(What the task asks) Give back, unaltered, the lines from the one with "Volkswagen Golf Mark" to the end of the material, omitting pictures.

(Data extracts)

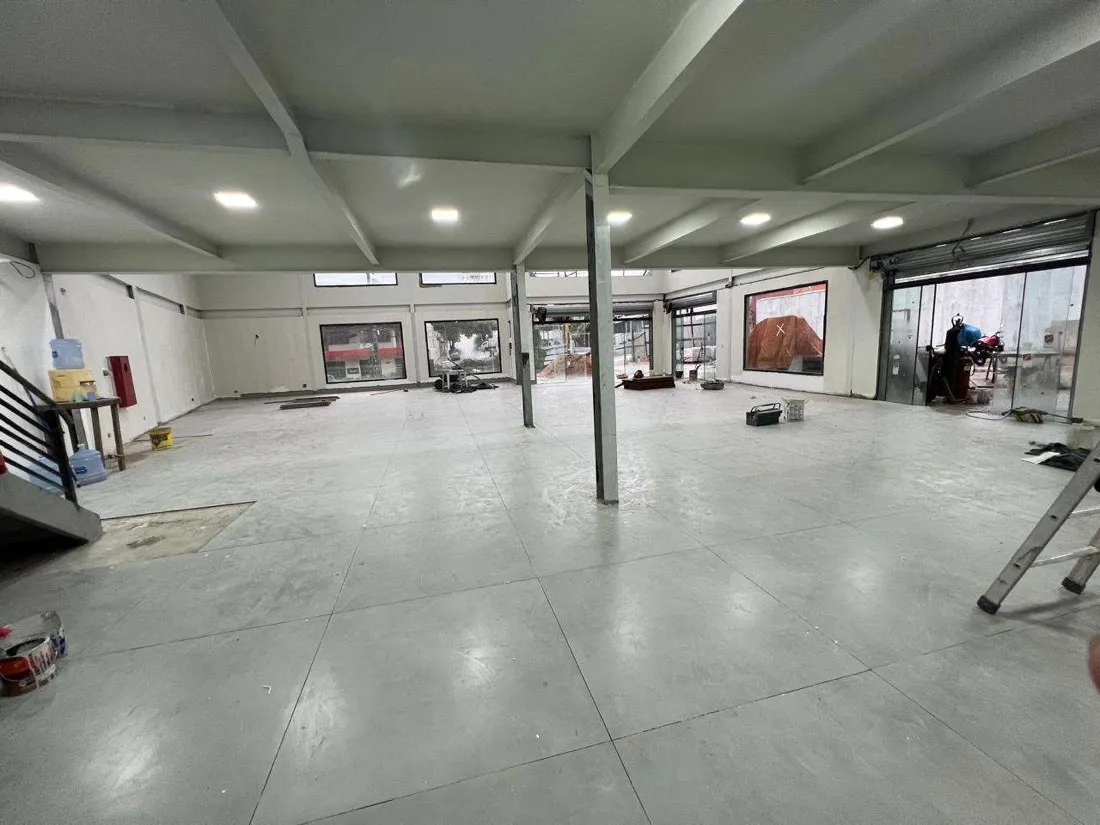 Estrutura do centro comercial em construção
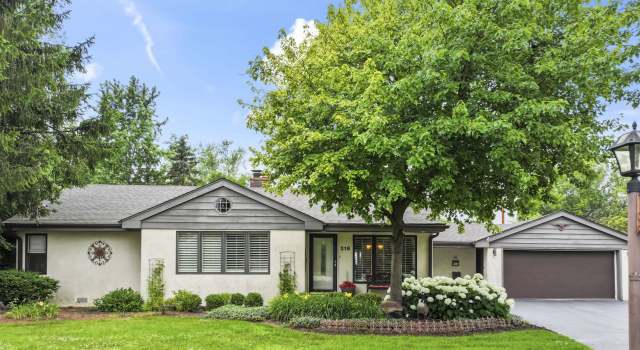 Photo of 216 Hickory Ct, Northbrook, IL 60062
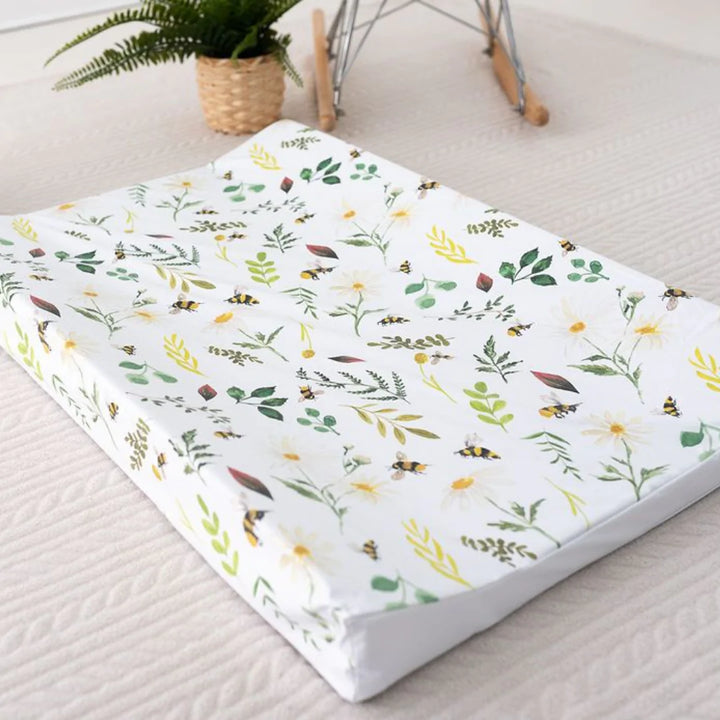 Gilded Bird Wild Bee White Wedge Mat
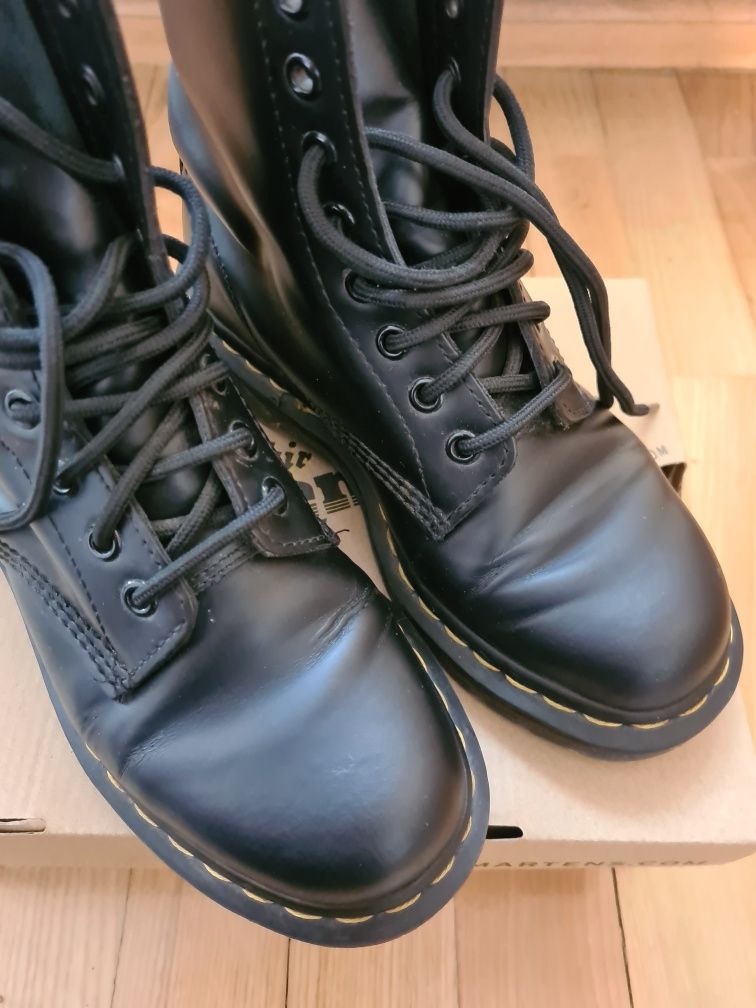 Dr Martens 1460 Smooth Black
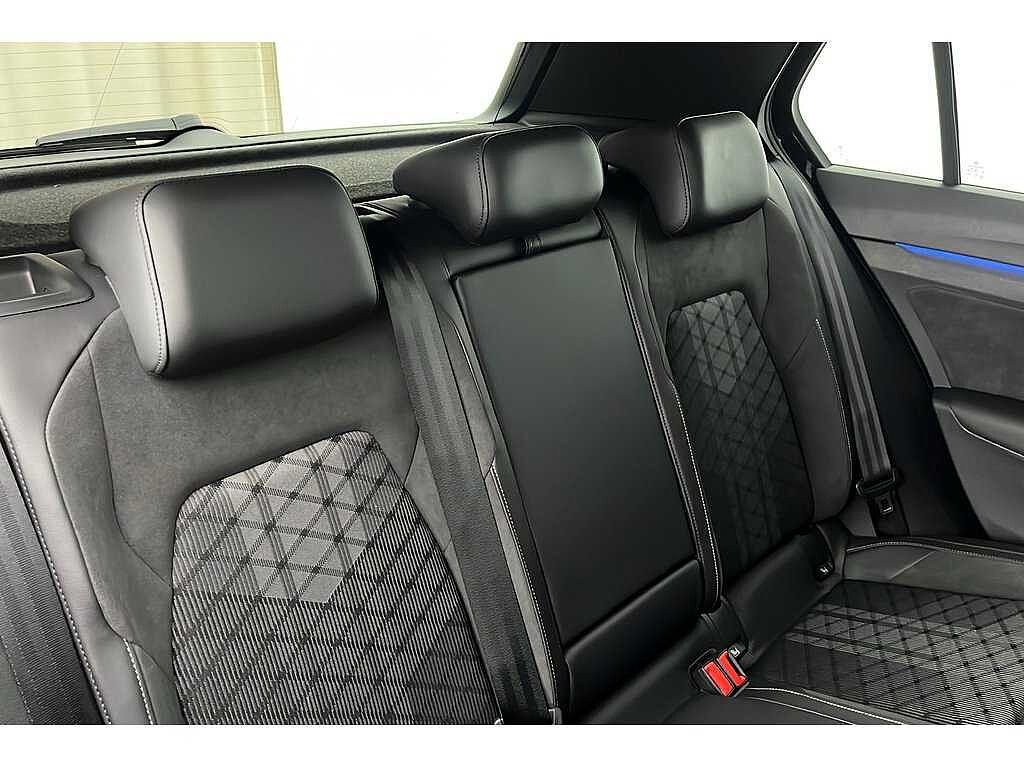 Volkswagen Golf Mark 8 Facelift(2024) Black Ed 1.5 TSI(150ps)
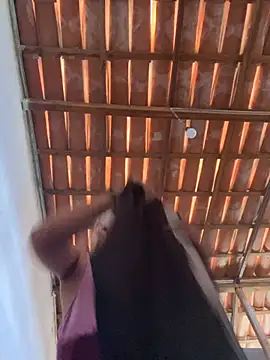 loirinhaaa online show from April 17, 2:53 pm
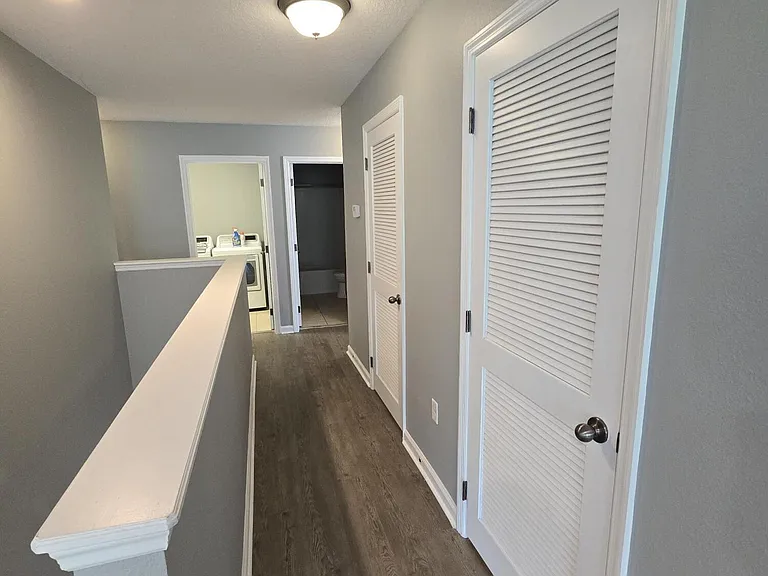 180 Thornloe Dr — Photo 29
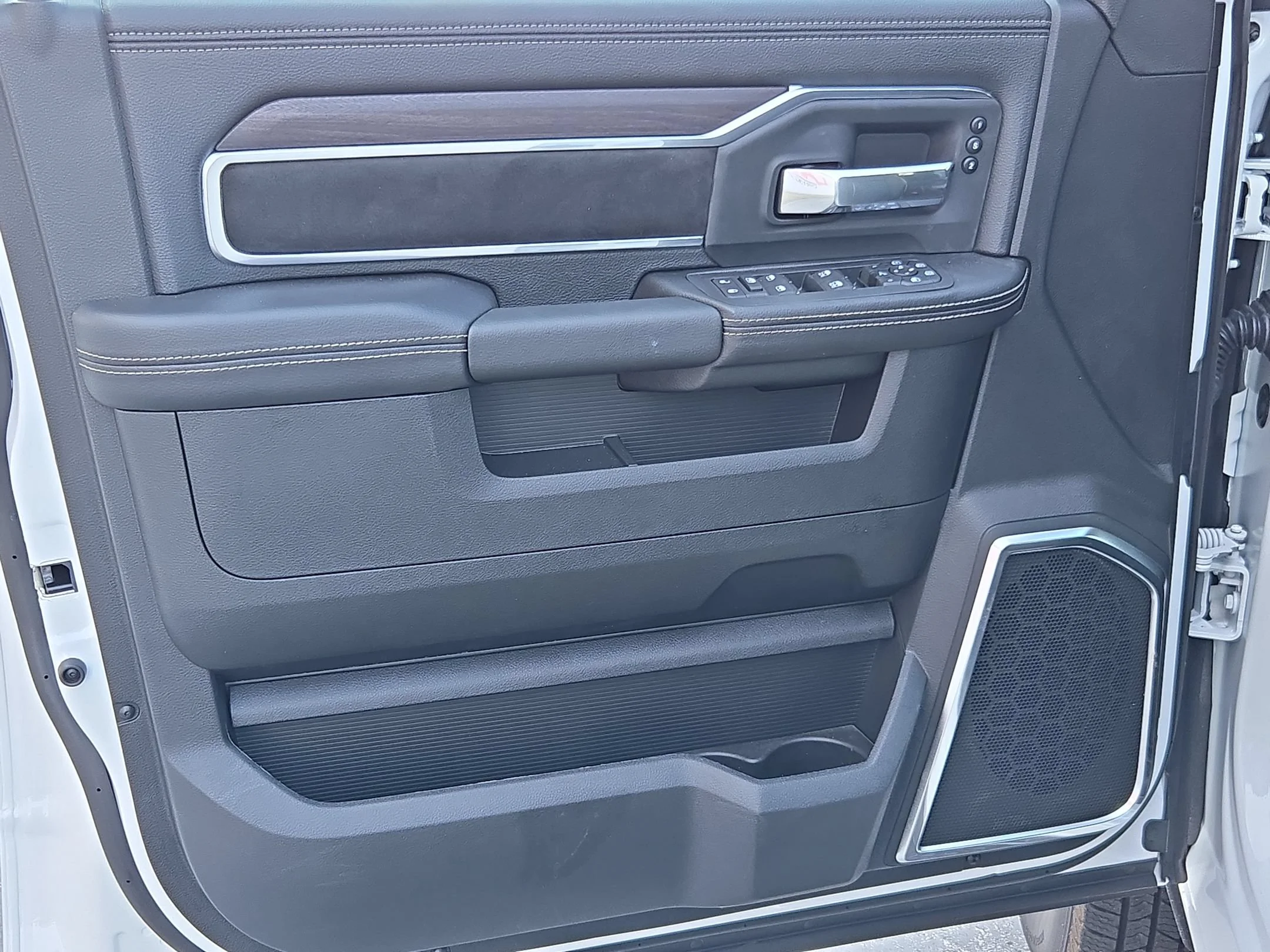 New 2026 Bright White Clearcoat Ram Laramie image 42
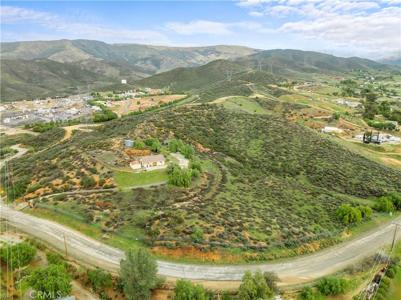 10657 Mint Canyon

(Exercise answer)
 Volkswagen Golf Mark 8 Facelift(2024) Black Ed 1.5 TSI(150ps)
 loirinhaaa online show from April 17, 2:53 pm
 180 Thornloe Dr — Photo 29
 New 2026 Bright White Clearcoat Ram Laramie image 42
 10657 Mint Canyon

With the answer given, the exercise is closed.